After she let me, in the maid said that Señora Anne wasn’t home. Hm, interesting. I called her and she told me that  she had something come up and had to leave for the afternoon. Now I was stuck. My taxi just left and I was stranded. I asked if I could wait in the courtyard while I came up with a new plan. She agreed and in that moment the garage door opened and an older gentleman drove in. We exchanged greetings and he went into his home. A minute later and came back out to the courtyard and invited me to wait inside. He directed me to the living room while he ate lunch in the kitchen.

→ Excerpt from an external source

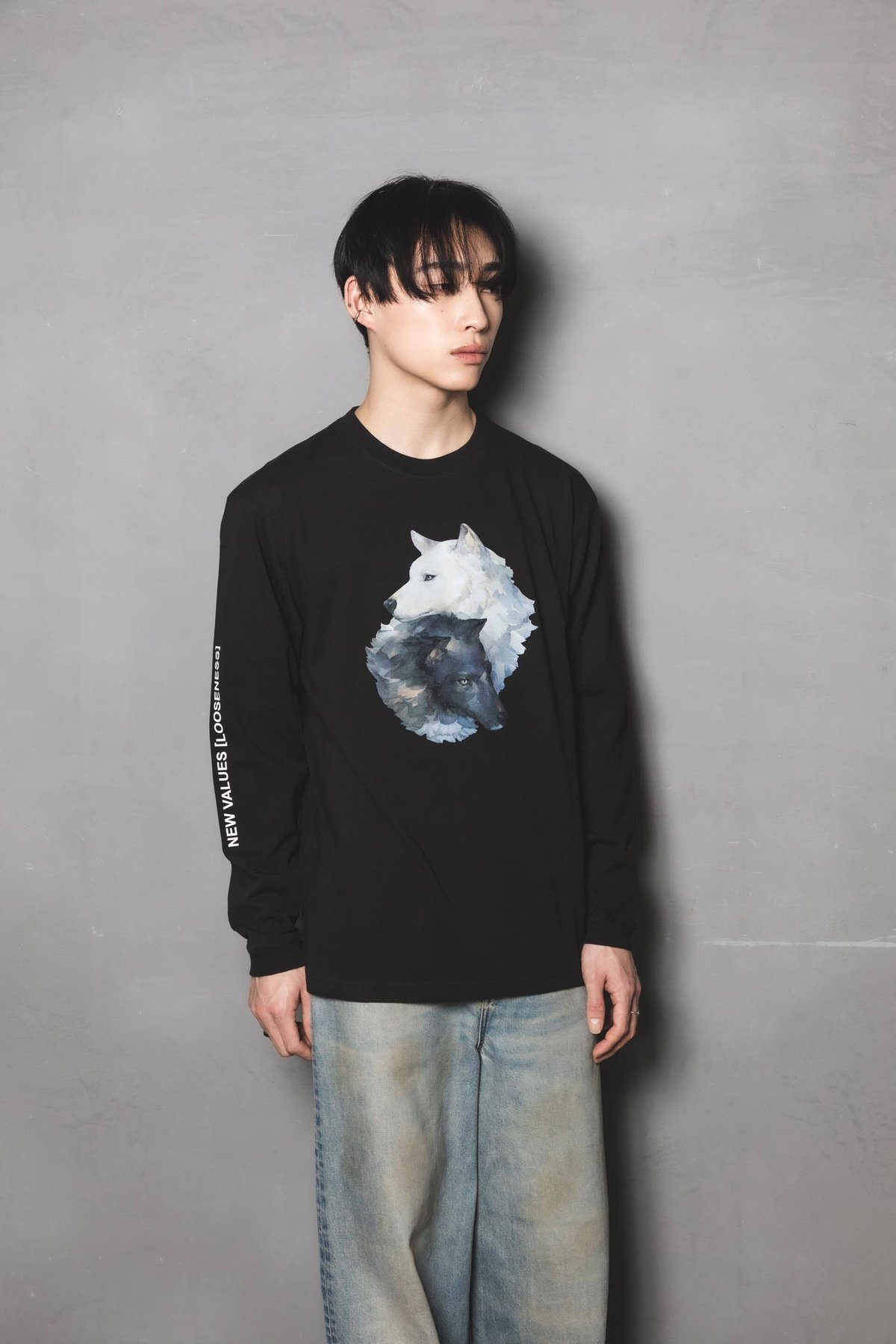 Okami Long Sleeve Tee(nihiki)-ブラック | harapeco S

I frantically called Alvaro several times and then finally called his sister who agreed to come pick me up. I set down my phone and started to look around. It was a beautiful home with a very traditional open floor plan. On a table next to the television were stacks of DVDs. He liked Lie to Me, House and Bones. “He would get along with my mom,” I thought.

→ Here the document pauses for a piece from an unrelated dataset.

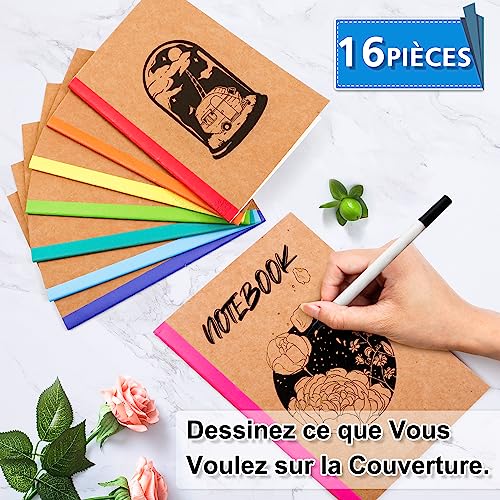 Carnet de notes A5 dos arc-en-ciel 8 couleurs cahier kraft ligné 60p - 3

On the far end of the room were seven large picture frames. The collage type frames that hold 6-10 pictures each. In total, he must have had nearly 100 photographs in those frames. I could clearly see him in several of the photos, taken in all sorts of locations. In parks and homes, at parties and at church. Some of the photos were of ten or more people, crowded around a birthday cake or little baby. I kept looking at these photographs, looking at all the love they had captured and I started to cry. I knew absolutely nothing about this man except that he was kind enough to allow me a place to wait, he likes American television and he has raised a beautiful loving family.

Yesterday, I lost all hope in Peru. I was convinced that every stranger saw me as nothing more than a vulnerable American. I found very little redemption in this country and the people that occupy it. Yesterday, I was ready to give up. Today, however, two complete strangers offered me grace and kindness. Sandra recognized the difficulties of moving to a foreign land and offered her help. This man simply offered me a place to sit out of the sun, such a simple gesture and he will never know the profound impact it had on me. In that single gesture, he invited me into his home that had been filled with so much love over the years. For those thirty minutes, I was a part of that family and in a way, he redeemed all of Peru.